We have a long way to go and a very exciting roadmap for Globstar, and we’d love to hear your feedback!

[1] https://globstar.dev/guides/writing-yaml-checker

[2] https://globstar.dev/guides/writing-go-checker

[3] https://tree-sitter.github.io/tree-sitter/

markrian

Interesting! Do you have a page which compares globstar against other similar tools, like Semgrep, ast-grep, Comby, etc?

For instance, something like https://ast-grep.github.io/advanced/tool-comparison.html#com....

etyp

I really love that static analyzers are pushing in this direction! I loved writing Clippy lints and I think applying that "it's just code" with custom checks is a powerful idea. I worked on a static analysis product and the rules for that were horrible, I don't blame the customers for not really wanting to write them.

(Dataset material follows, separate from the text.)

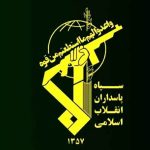 مراکز تأمین انرژی اسرائیل منهدم شد/ انهدام ۳ موشک کروز، ۱۰ پهپاد و ده‌ها ریزپرنده اسرائیل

Is there a general way to apply/remove/act on taint in Go checkers? I may not be digging deeply enough but it seems like the example just uses some `unsafeVars` map that is made with a magic `isUserInputSource` method. It's hard for me to immediately tell what the capabilities there are, I bet I'm missing a bit.

injuly

Flow analysis, especially propagation, is a hard problem to solve in the general case. IMO, the one tool that had the best, if language-specific, approach was Pyre – Facebook's type checker and static analyzer for Python.

xxpor

Another rule engine checker that doesn't support the language that needs this type of thing the most: C

In this case, it's inexplicable to me since tree-sitter supports C fine.

sanketsaurav

Supporting C / C++ is in our roadmap. It needs some additional work to handle preprocessor directives [1] [2], which is why we didn't focus on it for the initial release.

[1] https://github.com/tree-sitter/tree-sitter-c/issues/13

[2] https://github.com/tree-sitter/tree-sitter-c/issues/108

ievans

For C, you might be interested in https://github.com/weggli-rs/weggli or https://github.com/semgrep/semgrep (I work on the latter). Both are also tree-sitter based.

pdimitar

Wow this looks great. I will be giving it a go VerySoon™!

Looking forward to writing some enhanced linters.

codepathfinder

Nothing comes closer to CodeQL!

If anyone is interested please checkout, codepathfinder.dev, truly opensource CodeQL alternative.

Feedbacks are appreciated!

injuly

Admirable effort :)

But in its current state I don't think it actually replaces any of CodeQL's use cases. The most straight forward way to do what CodeQL does today, would to be implement a flow analysis IR (say CFG+CallGraph) on top of tree-sitter.

Even the QL grammar itself can be in tree-sitter.

henning

Is there a way to add a comment to disable the check rule similar to what you can do in ESLint to ignore a rule?

null

[deleted]

sanketsaurav

Not yet, but this is in our roadmap: https://github.com/DeepSourceCorp/globstar/issues/135

We're planning to implement a `skipcq` mute word.